The first wars that the Romans engaged in beyond the bounds of Italy, 
were with the Carthaginians.
The first dispute between Rome and Carthage was about their 
possession in the island of Sicily; and the war thus begun had lasted 
eight years, when it was resolved to send an army to fight the 
Carthaginians on their own shores. The army and fleet were placed 
under the command of the two consuls, Lucius Manlius and Marcus 
Attilius Regulus. On the way, there was a great sea-fight with the 
Carthaginian fleet, and this was the first naval battle that the Romans 
ever gained. It made the way to Africa free; but the soldiers, who had 
never been so far from home before, murmured, for they expected to 
meet not only human enemies, but monstrous serpents, lions, elephants, 
asses with horns, and dog-headed monsters, to have a scorching sun 
overhead, and a noisome marsh under their feet. However, Regulus 
sternly put a stop to all murmurs, by making it known that disaffection 
would be punished by death, and the army safely landed, and set up a 
fortification at Clypea, and plundered the whole country round. Orders 
here came from Rome that Manlius should return thither, but that 
Regulus should remain to carry on the war. This was a great grief to 
him. He was a very poor man, with nothing of his own but a little farm 
of seven acres, and the person whom he had employed to cultivate it 
had died in his absence; a hired laborer had undertaken the care of it, 
but had been unfaithful, and had run away with his tools and his cattle, 
so that he was afraid that, unless he could return quickly, his wife and 
children would starve. However, the Senate engaged to provide for his 
family, and he remained, making expeditions into the country round, in 
the course of which the Romans really did fall in with a serpent, as 
monstrous as their imagination had depicted. It was said to be 120 feet 
long, and dwelt upon the banks of the river Bagrada, where it used to 
devour the Roman soldiers as they went to fetch water. It had such 
tough scales that they were obliged to attack it with their engines meant 
for battering city walls; and only succeeded with much difficulty in 
destroying it. 
The country was most beautiful, covered with fertile corn-fields and 
full of rich fruit-trees, and all the rich Carthaginians had country-houses 
and gardens, which were made delicious with fountains, trees, land 
flowers. The Roman soldiers, plain, hardy, fierce, and pitiless, did, it 
must be feared, cruel damage among these peaceful scenes; they
boasted of having sacked 300 villages, and mercy was not yet known to 
them. The Carthaginian army, though strong in horsemen and in 
elephants, kept upon the hills and did nothing to save the country, and 
the wild desert tribes of Numidians came rushing in to plunder what the 
Romans had left. The Carthaginians sent to offer terms of peace; but 
Regulus, who had become uplifted by his conquests, made such 
demands that the messengers remonstrated. He answered, "Men who 
are good for anything should either conquer or submit to their betters;" 

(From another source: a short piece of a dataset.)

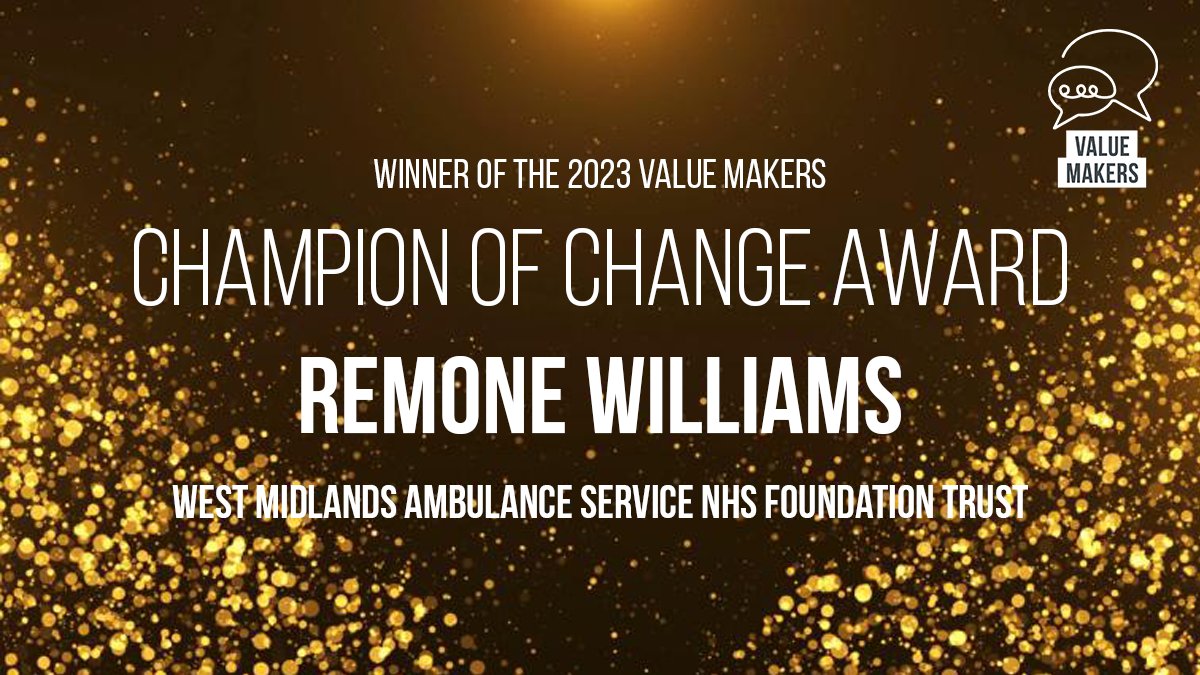 OneNHSFinance's tweet photo. ๐Value Maker Awards ๐The winner of the Champion of Change Award is... Remone Williams,
@OFFICIALWMAS - Congratulations!! ๐#VMAC23 https://t.co/fCkr9qkpMJ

and he sent them rudely away, like a stern old Roman as he was. 
His merit was that he had no more mercy on himself than on others. 
The Carthaginians were driven to extremity, and made horrible 
offerings to Moloch, giving the little children of the noblest families to 
be dropped into the fire between the brazen hands of his statue, and 
grown-up people of the noblest families rushed in of their own accord, 
hoping thus to propitiate their gods, and obtain safety for their country. 
Their time was not yet fully come, and a respite was granted to them. 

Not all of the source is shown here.